Bel Air’s profit margin, for example, based on revenue cited in the investors’ presentation of $32.7 million and EBITDA of $13.2 million, exceeds 40%, a relatively high number for a holistic wealth manager.

“Bel Air calls themselves a wealth manager, but they don’t provide a lot of planning,” says Tim Kochis, principal, co-founder and former chairman at San Francisco and Los Angeles-based Aspiriant. “That part of the business [planning] doesn’t have those margins.”

Morgan says Bel Air is in fact, “a very high touch” firm whose margins are a result of the cost efficiencies and scale that comes from leveraging Bel Air’s large accounts, which average close to $20 million, and sometimes exceed $100 million.

“It costs the same to manage $100 million as it does to manage $5 million,” Morgan says. “And Fiera is committed to being in the wealth management business.
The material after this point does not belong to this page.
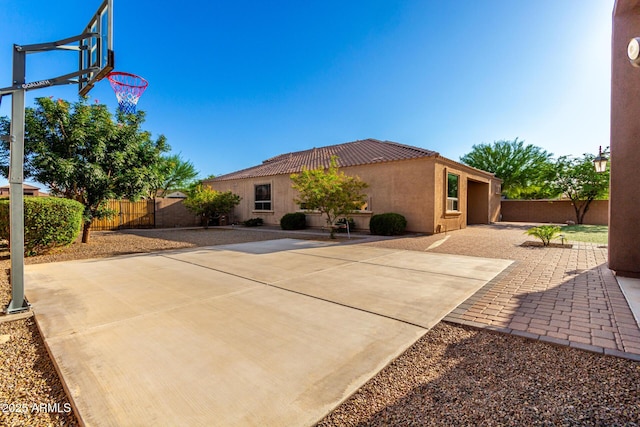10542 W Electra Ln, Peoria, AZ 85383 - view of sport court with a fenced backyard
Those are our marching orders.”

Brosseau concedes that while Fiera would like to maintain a 40% profit margin for its new private wealth unit, it will be “more difficult with client service.”
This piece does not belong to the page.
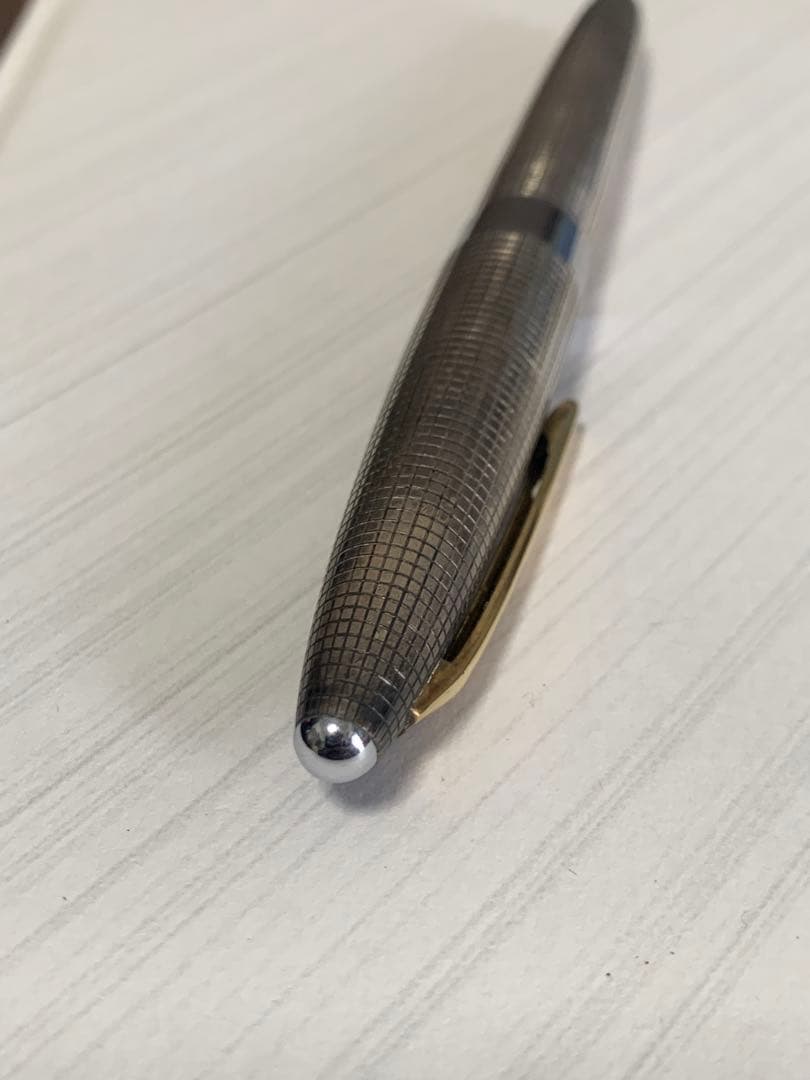 PILOT Elite シルバー 万年筆 18Kペン先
Despite the extra expense, he says that ultimately the new unit will “have the scale to more than achieve that goal.”

Brosseau also cites Fiera’s acquisition of the Canadian wealth management unit of Societe Generale last fall.
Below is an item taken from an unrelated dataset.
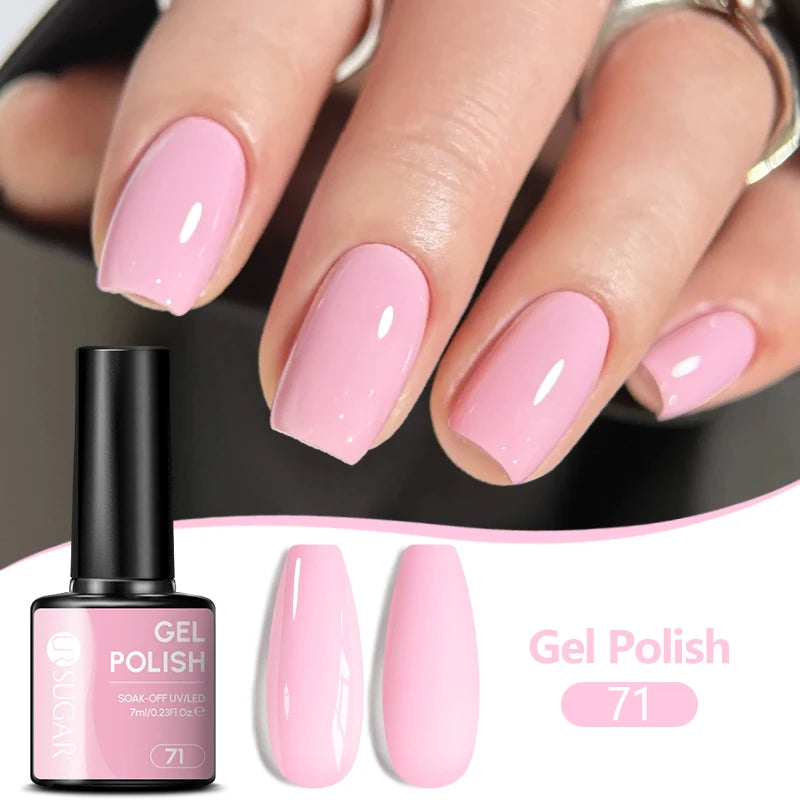 UR SUGAR 7ML Nail Gel Fresh Macaron 107 Colors All For Manicure Semi Permanent Soak Off LED UV Long-Lasting Nail Art Varnish TAVEN System LLC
“They were able to build business leads by offering financial planning to C-suite executives,” Brosseau recounts. “As a result of that relationship they received money to manage. It’s a business model we like and think can be successful.”

Private Wealth Vision

Bringing the Canadian wealth management unit, Bel Air and Wilkinson together over the next six to 12 months “to get acquainted, see what people have to offer and create a vision” will be Fiera’s first order of business, Brousseau says.

According to Fiera’s investor presentation, a critical “strategic rationale” for acquiring Wilkinson and Bel Air, which is also known for its $3 million-plus fixed–income business, is to expand the company’s scale in the “growing and high margin private wealth management segment.”

Indeed, Fiera estimates the deal will quadruple the company’s revenue distribution from private wealth to 36% from its current 9%.

Morgan expects that growth to continue.

“From a macro point of view, we see this period as similar to the early 2000s,” he says. “Growth in the markets is coming back and we are focused, have a deep bench with well qualified professionals and are ready to take advantage of a great opportunity.”

Fiera’s ace in the hole is Bel Air’s sales prowess, says Elizabeth Nesvold, managing partner of Silver Lane Advisors, the New York-based investment banking firm that advised Bel Air on the deal.

“They are extremely talented on the business development side,” Nesvold says. “Firms that are able to grow, like Northern Trust or BNY Mellon, are always good at building sales by putting resources into it. At the ultrahigh net worth level it usually takes three sales to get one really good client, and that takes money.”

“Bel Air is very, very good at hiring and sourcing prospects from different industries,” Nesvold adds, “and that’s a part of the business that baffles many people.”